Bacteria-Adhesive Nitric Oxide-Releasing Graphene Oxide Nanoparticles for MRPA-Infected Wound Healing Therapy

Abstract

A bacteria-infected wound can lead to being life-threatening and raises a great economic burden on the patient. Here, we developed polyethylenimine 1.8k (PEI_1.8k) surface modified NO-releasing polyethylenimine 25k (PEI_25k)-functionalized graphene oxide (GO) nanoparticles (GO-PEI_25k/NO-PEI_1.8k NPs) for enhanced antibacterial activity and infected wound healing via binding to the bacterial surface. In vitro antibacterial activity and in vivo wound healing efficacy in an infected wound model were evaluated compared with NO-releasing NPs (GO-PEI_25k/NO NPs). Surface modification with PEI_1.8k can enhance the ability of nanoparticles to adhere to bacteria.
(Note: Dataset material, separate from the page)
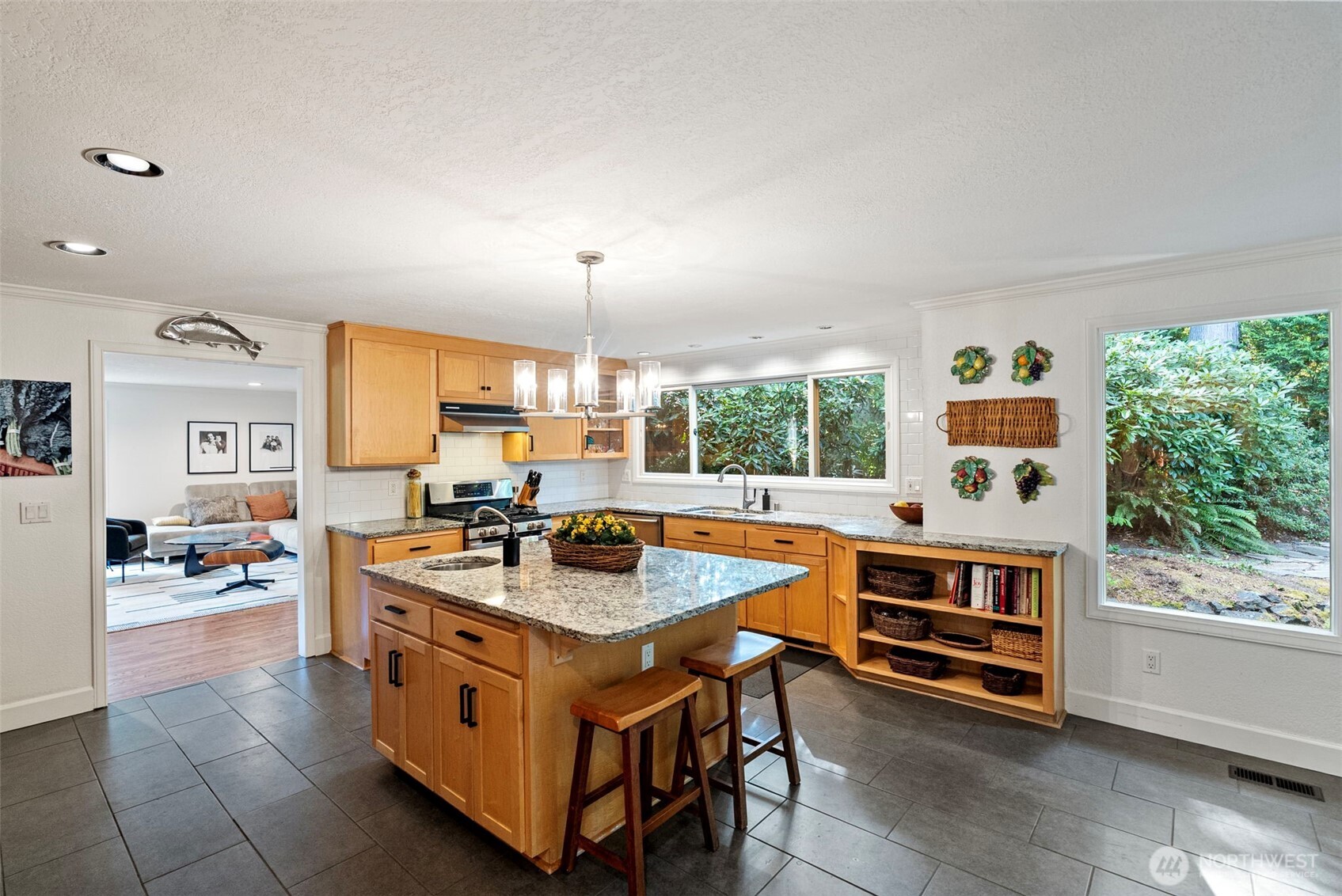 MLS #NWM2575834 image #16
GO-PEI_25k/NO-PEI_1.8k NPs released NO in a sustained manner for 48 h and exhibited the highest bactericidal activity (99.99% killing) against methicillin-resistant Staphylococcus aureus (MRSA) and multidrug-resistant Pseudomonas aeruginosa (MRPA) without cytotoxicity to L929 mouse fibroblast cells at 0.1 mg/mL. In the MRPA-infected wound model, GO-PEI_25k/NO-PEI_1.8k NPs showed 87% wound size reduction while GO-PEI_25k/NO NPs showed 23% wound size reduction at 9 days postinjury. Masson trichrome and hematoxylin and eosin staining revealed that GO-PEI_25k/NO-PEI_1.8k NPs enhanced re-epithelialization and collagen deposition, which are comparable to healthy mouse skin tissue. GO-PEI_25k/NO-PEI_1.8k NPs hold promise as effective antibacterial and wound healing agents.